With four days to go before the NHL draft and nine until the start of free agency on July 5, the Capitals have yet to make any significant roster moves or re-sign any of their prominent free agents.
That’s in part because of General Manager George McPhee’s preference to keep his options open as the trade market heats up around the draft and start of free agency. When he met with reporters Monday, McPhee didn’t provide an update on where the Capitals stand with regard to bringing back either Mike Ribeiro or Matt Hendricks, who are both set to become unrestricted free agents, other than to say he would “know more after the draft.”
“I don’t like to do too many things before we go to the draft because you want to maintain some flexibility and know everything that’s out there,” McPhee said Monday. “I wouldn’t want to get locked into too many things before the draft. We’ll see how things go there and what route we take after that.”
McPhee has made draft-day trades each of the past five years. Three of those deals brought players into the fold who were on Washington’s roster last season – Mike Ribeiro (2012), Troy Brouwer (2011) and John Carlson (2008). It wouldn’t be surprising to see the trend continue this year, given the shallow free agent market and the need for many teams to try and adjust their roster under the decreasing salary cap.
As the salary cap lowers to $64.3 million for next season, some teams are forced to be more creative than others when it comes to organizing a full lineup. There’s been speculation that those pressures could lead to more restricted free agents receiving offer sheets, which is when a team signs an RFA from another organization. When a player signs an offer sheet with a new club, the original team has the right to match the offer and keep the player or let them depart and receive draft pick compensation for the loss.

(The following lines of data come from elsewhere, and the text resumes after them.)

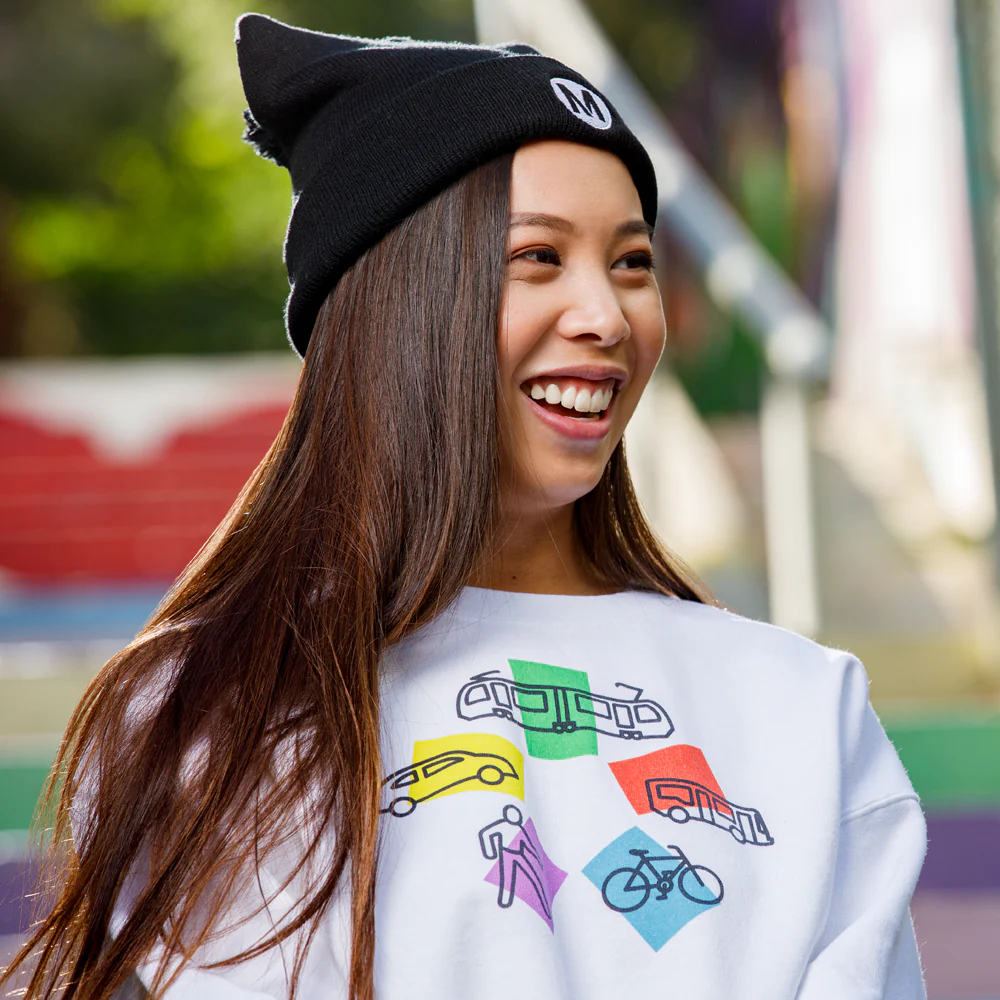 Metro Pom Pom Knit Beanie - Image 4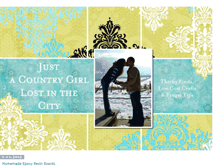 Tablet Screenshot of justacountrygirllostinthecity.blogspot.com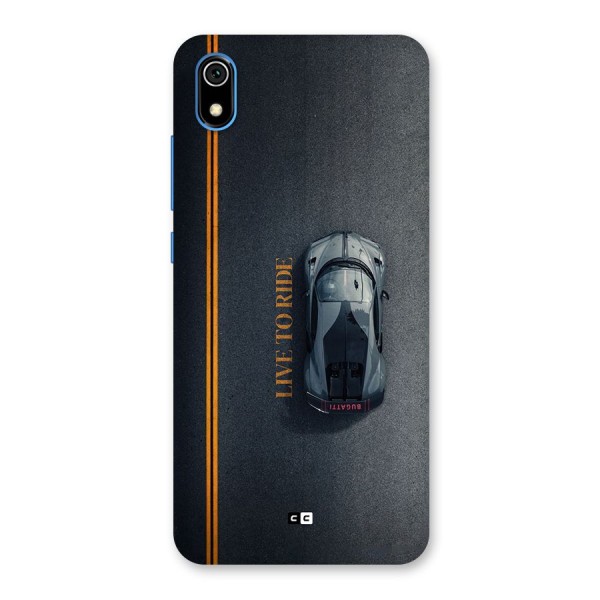 Live To Ride Back Case for Redmi 7A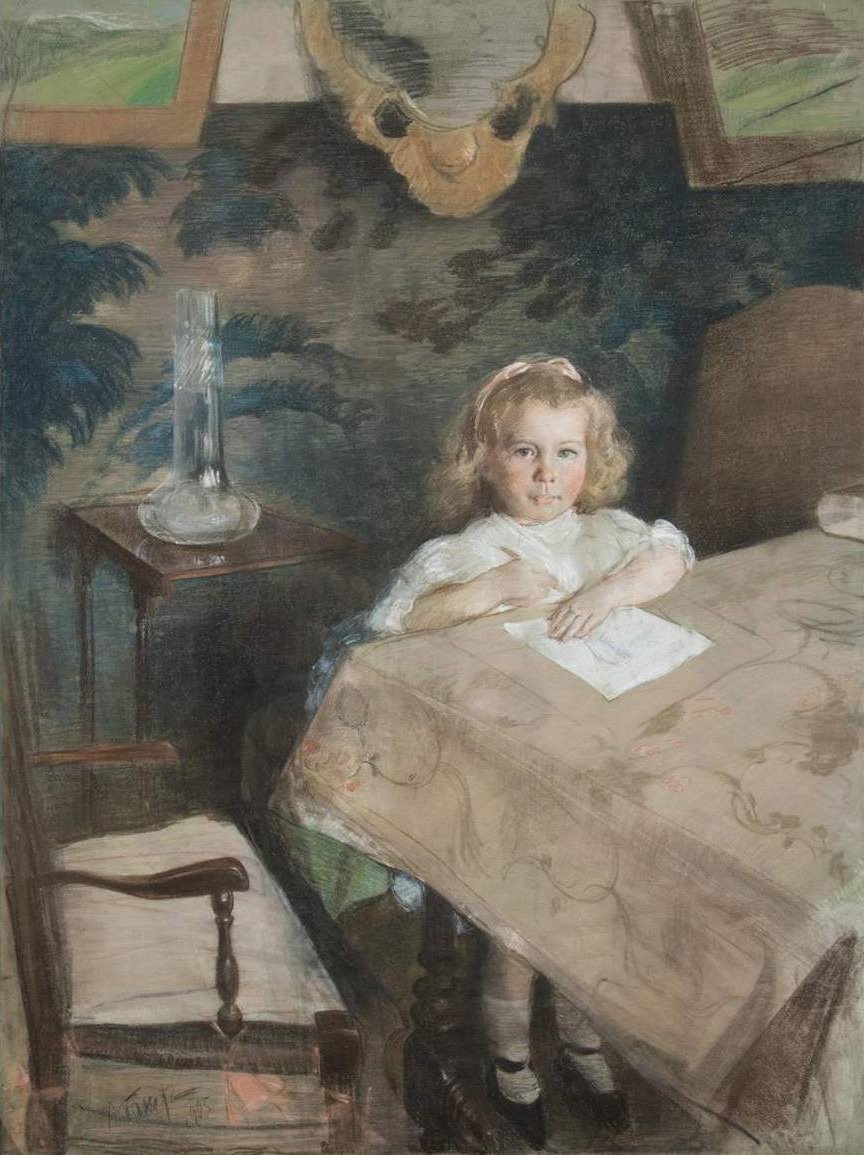 «Портрет Марины Николаевны Гриценко в детстве». Лев Бакст. 1905 год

The Capitals are expected to re-sign their two key RFAs, defenseman Karl Alzner and forward Marcus Johansson. On Monday, McPhee made it clear that if either were to sign an offer sheet with another team the Capitals would match.
“We would always match,” McPhee said. “We’re not going to allow other clubs to determine who’s in our lineup or who’s not in our lineup. We would match and adjust in another way.”
While signing players to offer sheets is rather rare, it’s happened twice in the past year. Last July, Philadelphia signed defenseman Shea Weber to an offer sheet worth 14-year, $110 million that the Predators matched. Then in February, Calgary signed forward Ryan O’Reilly to a two-year, $10 million offer sheet that the Avalanche matched.
“Some teams might do it. Teams get desperate sometimes and do that sort of thing. It almost never works but some teams might do it this year,” McPhee said. “We’ve never done it. I just think if you’re drafting and developing well enough you don’t have to do it. Most of the clubs that do that sort of thing are a little desperate.
“You have three or four desperate clubs every summer, but we’ve never done it and I don’t anticipate doing it because it seldom works,” McPhee added. “Just drives up costs. It’s not our style, hasn’t been.”
>> The Capitals announced a minor move Wednesday, re-signing AHL tough guy Joel Rechlicz to a one-year, two-way contract. Rechlicz, 26, recorded 154 penalty minutes in 40 American Hockey League games last season with Portland (36 games) and Hershey (4).